Task item:
What is needed is every line from the one holding "25.08.2024 - Elbe" to the last line of the data below, printed exactly and without pictures.

** Provided data follows **

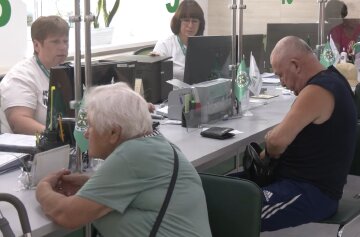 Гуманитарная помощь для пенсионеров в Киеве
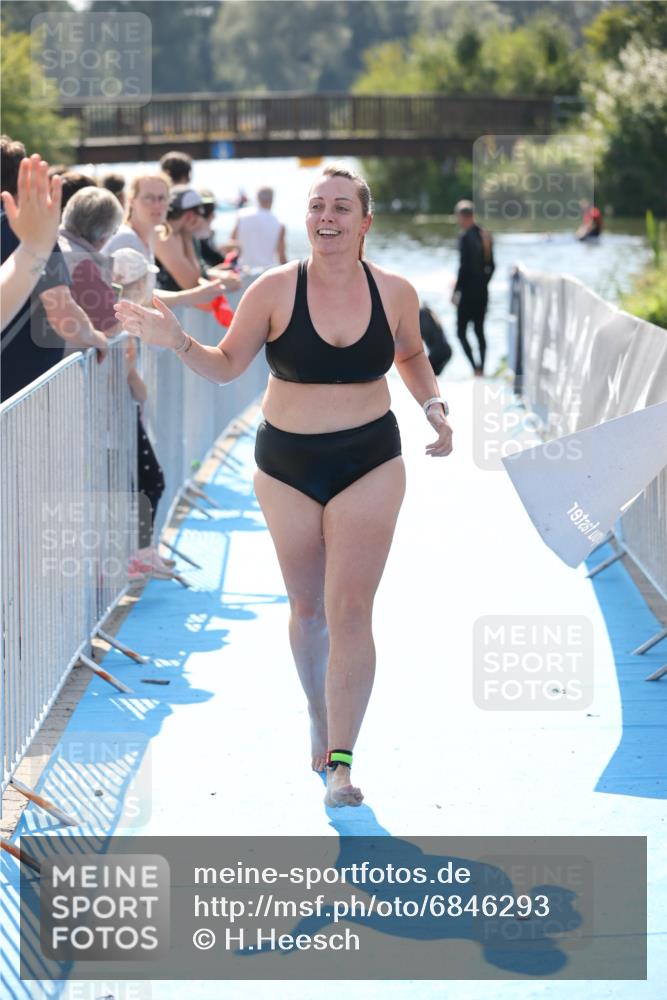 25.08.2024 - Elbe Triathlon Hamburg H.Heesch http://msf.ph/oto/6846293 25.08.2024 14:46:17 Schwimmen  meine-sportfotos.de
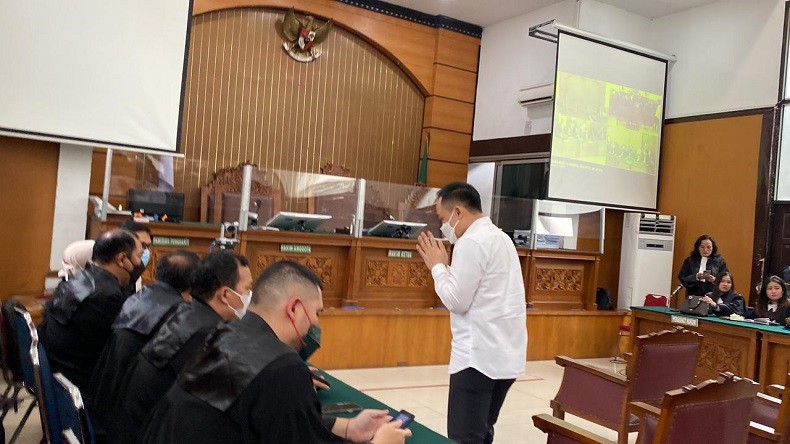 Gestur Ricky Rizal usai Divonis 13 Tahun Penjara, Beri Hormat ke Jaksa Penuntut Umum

** End of Provided data **

Your response:
 25.08.2024 - Elbe Triathlon Hamburg H.Heesch http://msf.ph/oto/6846293 25.08.2024 14:46:17 Schwimmen  meine-sportfotos.de
 Gestur Ricky Rizal usai Divonis 13 Tahun Penjara, Beri Hormat ke Jaksa Penuntut Umum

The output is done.